The network interface 340 allows the hardware layer 300 to communicate with, for example, the user device 120, the databases 140, and the like.

It should be understood that the embodiments described herein are not limited to the specific architecture illustrated in FIG. 3, and other architectures may be equally used without departing from the scope of the disclosed embodiments.

The disclosed embodiments provide benefits over certain solutions such as manual keyword searches and Tape Archiver (tar) tools including, but not limited to, efficiently providing responsive document snippets. Examples of such benefits as can be seen in non-limiting example FIG. 4 and FIG. 5, which illustrate example images 400 and 500, respectively, showing sample snippets. Specifically, FIG. 4 shows an image 400 of a document review protocol snippet defining responsiveness, and FIG. 5 shows an image 500 of a snippet from a document found to be responsive (e.g., by the AIDA system 130) in accordance with various disclosed embodiments.
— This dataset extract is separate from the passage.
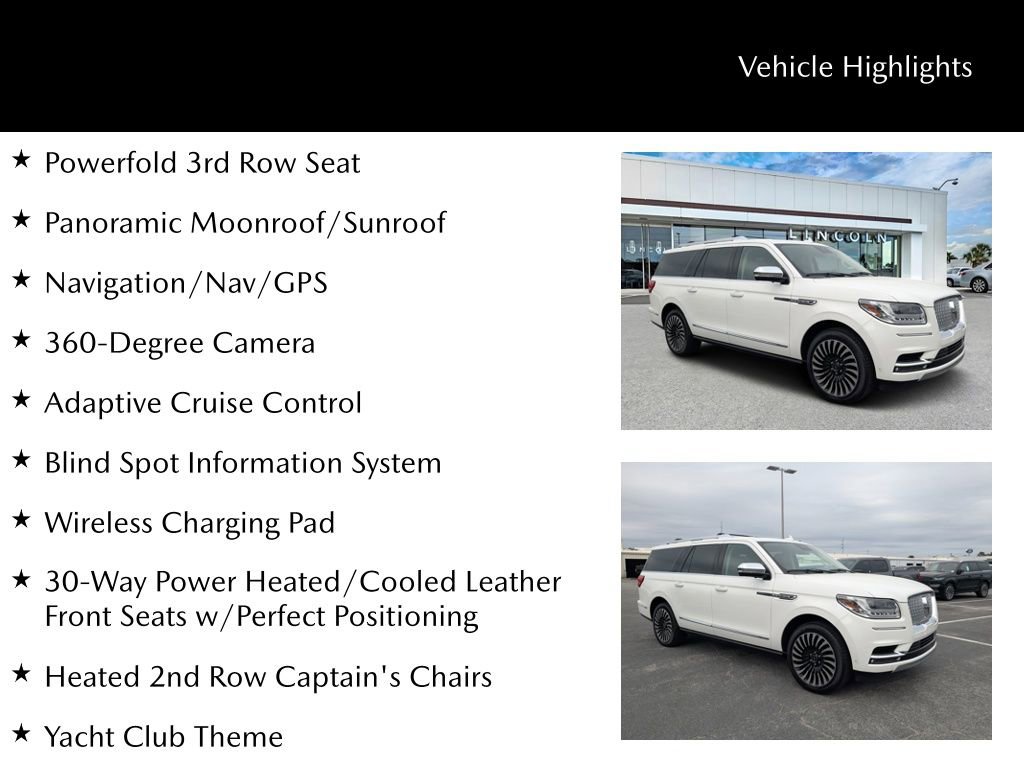Used 2021 Lincoln Navigator L Black Label w/ Cargo Convenience Package AWD/4WD image 31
As depicted in FIGS. 4 and 5, various key words or terms are highlighted as indicated by dash line boxes surrounding their respective text. In FIG. 4, the terms “management” 410, “public officials” 420, and “natural gas regulation” 430 are highlighted. In FIG. 5, the terms “Ken Lay” 510, “Vice President” 520, and “National Energy Policy” 530 are highlighted. The highlighted terms show related concepts utilized to identify that the document is responsive in accordance with various disclosed embodiments.

Despite the lack of shared words between the document and the review protocol snippets, an AIDA system (e.g., the AIDA system 130) is able to effectively identify the relevant document based on the protocol specification. In contrast, solutions like manual keyword searches and TAR tools may face additional challenges in identifying relevant documents.

Some existing solutions rely on learning from example documents, which means reviewers must tag numerous documents in order to train a machine learning model to identify relevant documents like the example portion of a relevant document shown in FIG. 5 (i.e., the document which is relevant insofar as it is responsive to the portion of the document shown in FIG. 4). These tools therefore lack the ability to bring external knowledge to bear on the problem and fail to effectively recognize individuals' roles or titles, requiring reviewers to tag even more examples to achieve sufficient coverage. The result is a high amount of manual tagging of samples to be used for training.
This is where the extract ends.